### [What you are asked to do]
The answer is every line of the records that holds the word "Steel", copied in full.

### [Exercise data]
'''
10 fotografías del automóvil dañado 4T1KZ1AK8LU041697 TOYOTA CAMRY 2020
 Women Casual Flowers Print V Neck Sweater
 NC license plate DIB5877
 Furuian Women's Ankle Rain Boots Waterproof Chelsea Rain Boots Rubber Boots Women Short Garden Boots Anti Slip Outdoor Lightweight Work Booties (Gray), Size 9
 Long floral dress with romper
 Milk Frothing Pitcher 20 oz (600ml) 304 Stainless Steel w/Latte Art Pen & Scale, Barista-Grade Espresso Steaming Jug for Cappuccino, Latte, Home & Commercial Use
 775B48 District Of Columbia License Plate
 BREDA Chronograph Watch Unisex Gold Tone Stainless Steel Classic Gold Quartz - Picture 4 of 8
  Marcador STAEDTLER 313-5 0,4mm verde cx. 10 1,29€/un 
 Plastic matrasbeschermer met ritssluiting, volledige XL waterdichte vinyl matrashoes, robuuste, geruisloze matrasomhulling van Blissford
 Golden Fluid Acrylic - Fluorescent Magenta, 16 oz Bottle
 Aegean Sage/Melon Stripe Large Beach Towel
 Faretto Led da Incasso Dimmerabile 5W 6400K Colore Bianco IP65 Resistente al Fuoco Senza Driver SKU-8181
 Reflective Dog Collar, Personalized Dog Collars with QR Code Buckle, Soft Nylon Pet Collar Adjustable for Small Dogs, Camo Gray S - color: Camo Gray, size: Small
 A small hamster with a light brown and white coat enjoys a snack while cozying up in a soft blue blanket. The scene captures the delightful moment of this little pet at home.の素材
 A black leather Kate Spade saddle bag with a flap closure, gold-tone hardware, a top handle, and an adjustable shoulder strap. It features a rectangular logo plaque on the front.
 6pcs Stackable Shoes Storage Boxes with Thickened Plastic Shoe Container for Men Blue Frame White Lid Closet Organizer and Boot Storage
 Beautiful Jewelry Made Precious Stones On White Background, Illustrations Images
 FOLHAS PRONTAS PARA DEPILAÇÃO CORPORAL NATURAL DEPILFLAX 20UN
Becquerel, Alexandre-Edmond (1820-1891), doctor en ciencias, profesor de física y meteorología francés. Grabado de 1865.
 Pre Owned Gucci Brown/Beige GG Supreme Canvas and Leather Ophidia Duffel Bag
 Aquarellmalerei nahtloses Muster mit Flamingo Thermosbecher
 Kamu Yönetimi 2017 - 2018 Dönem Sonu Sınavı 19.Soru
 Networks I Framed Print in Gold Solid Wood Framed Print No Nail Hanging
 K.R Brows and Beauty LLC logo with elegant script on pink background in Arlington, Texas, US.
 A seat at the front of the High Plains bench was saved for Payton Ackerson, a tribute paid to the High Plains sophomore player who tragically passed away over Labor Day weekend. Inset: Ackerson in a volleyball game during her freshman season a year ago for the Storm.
'''
### [Solution to this task]
 Milk Frothing Pitcher 20 oz (600ml) 304 Stainless Steel w/Latte Art Pen & Scale, Barista-Grade Espresso Steaming Jug for Cappuccino, Latte, Home & Commercial Use
 BREDA Chronograph Watch Unisex Gold Tone Stainless Steel Classic Gold Quartz - Picture 4 of 8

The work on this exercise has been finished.